Anyway. The whole purpose of this exercise we call life is to live through it as wholly humanly as possible, right? Pain, pleasure, strife, angst, all that rot. You don't have my sympathy, I don't think you need it, let alone want it. You do have my understanding, you know, that silent nod of "I understand you, you don't have to explain it to me, you don't have to justify it to me, I know and I accept." I wish more people got the point. It's like that clique no one wants to get into. Been there, done that, my sister.
 
no no no, (LOL)

I'm not a girl! it seems you thought that, both of you actually, but yes, I am a man.

So ti's not just little girls he has and addiction to, among other addictions, and yes, prison is the only place other than 6 feet under for him.

That'll never happen though, his Mom, my grandmother will forever protect him, over anyone else in her life. sometimes makes me wonder if she knew all along for sure, adn either didn't care, or had something to do wiht him being molested, becasue he hinted to me in the phone call, that something amy have happened to him too. Though that's really no excuse for doing it to others.
 
Well, it still doesnt change anything

:p
 
What Siren said, only bigger and with more vitriol.
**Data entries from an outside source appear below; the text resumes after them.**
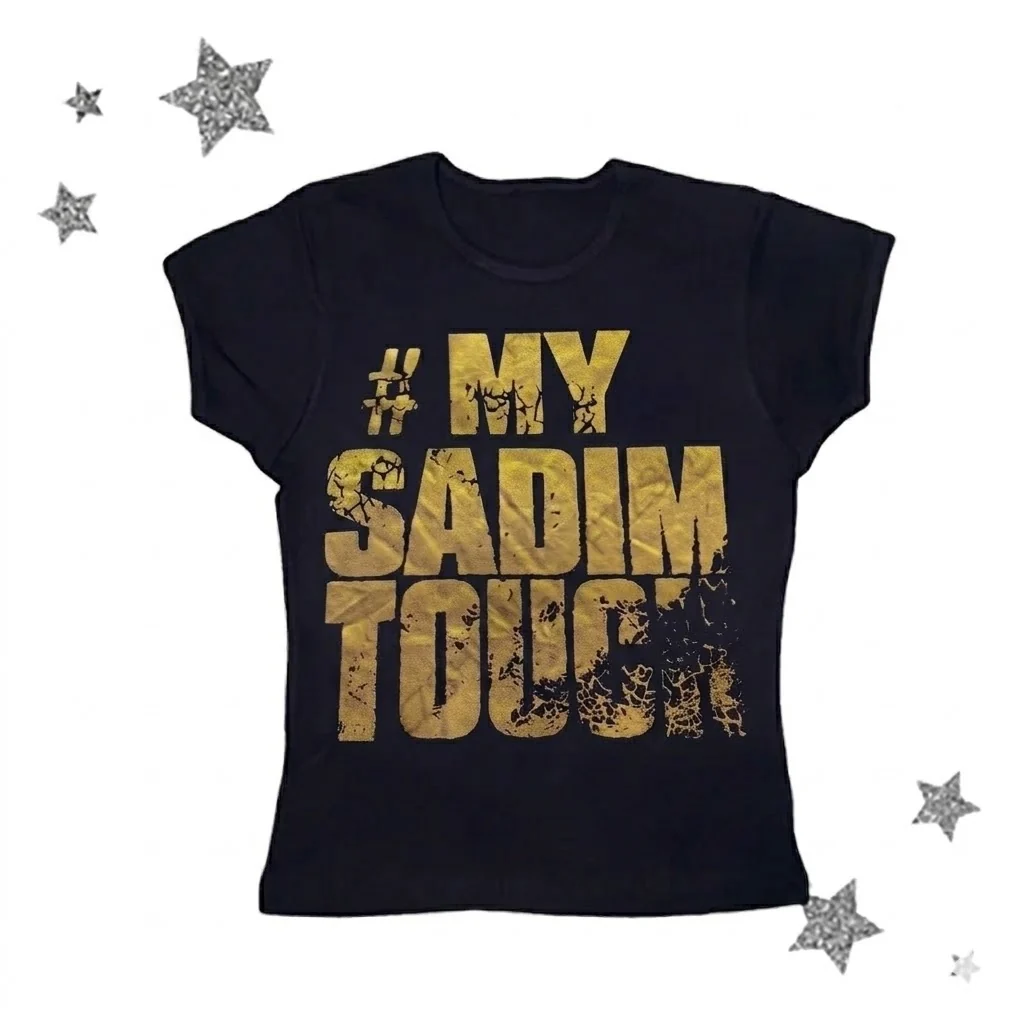 My Sadim Touch Graphic Baby Tee – Black Tops - Image 2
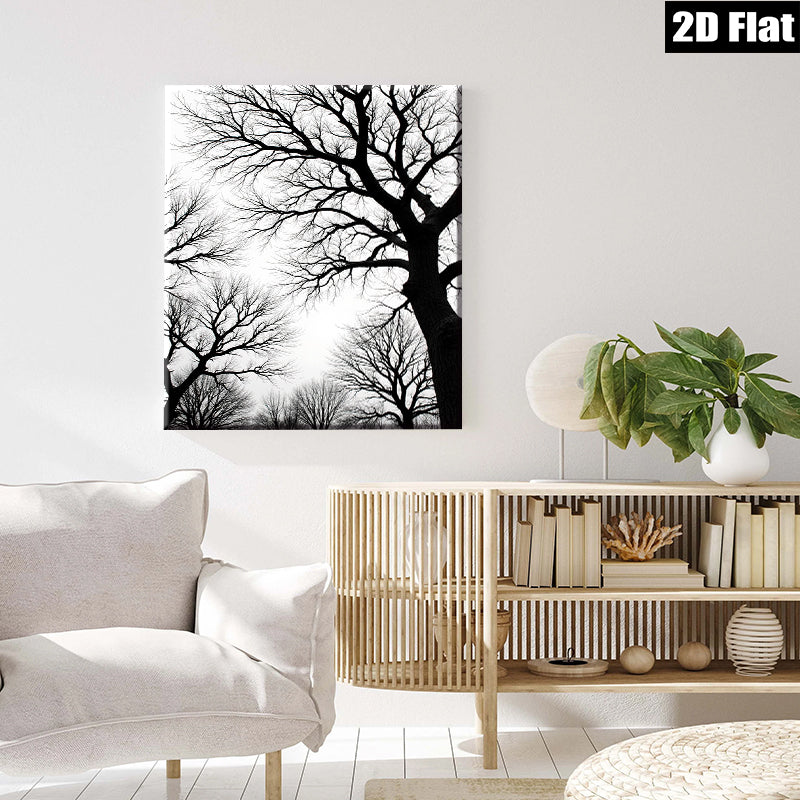 2D flat 1pc Winter Bare Tree Branches Silhouettes Cozy Farmhouse Wall Decor Living Room Bedroom Canvas Prints Modern Gallery Wrapped Art Coastal Aesthetic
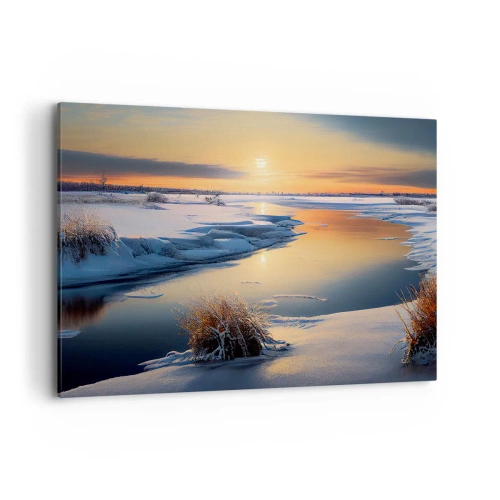 Obraz na plátne - Zimný západ slnka - 120x80 cm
I'm good at spewing that.

Anyway, my brother (imagine my chagrin lobito even, yeeesh, and I style myself a linguist), do what's best for you.
 
no, Siren, you are right

it's doesn't change a thing.

You know, in a sick way I finally feel like I have power over him though. He knows I'll never forgive him, that's something else he has to live with.

We can't send him to prison, unless it's proven that another younger person was molested taht we don't yet know about, and then ONLY if the child is willing, the parents in our state, are not allowed to press charges in these cases.

To some extent, I dare say that the adults when this first happened, where more worried about how it would affect their lives, with other knowing it happened in their families, than what would happen to the "kids" lives.
 
Touching & Feeling

I'm not keen on any of this stuff. When I fuck up, and I become aware of it, I apologize. I do not say" I'm sorry if I upset you," or any of that doubletalk. I merely say I'm sorry for what I've done. Sometimes when I'm truly enraged, I will apologize while I'm yelling (as in, "I know you just work for this company and I know it's not really YOUR fault, but your damned company is driving me insane!"). I say these things to try to innoculate them from my rage. And I say them for myself, so that I will not forget my lapse.

I do not seek forgiveness. I have never asked for any, ever, in my life. If people wish to forgive me, or to forget something asinine or offensive that I've done or said, that's really their business. Nor do I grant it consciously. Some people I forgive, others I don't. It's an organic process. And sometimes I forget.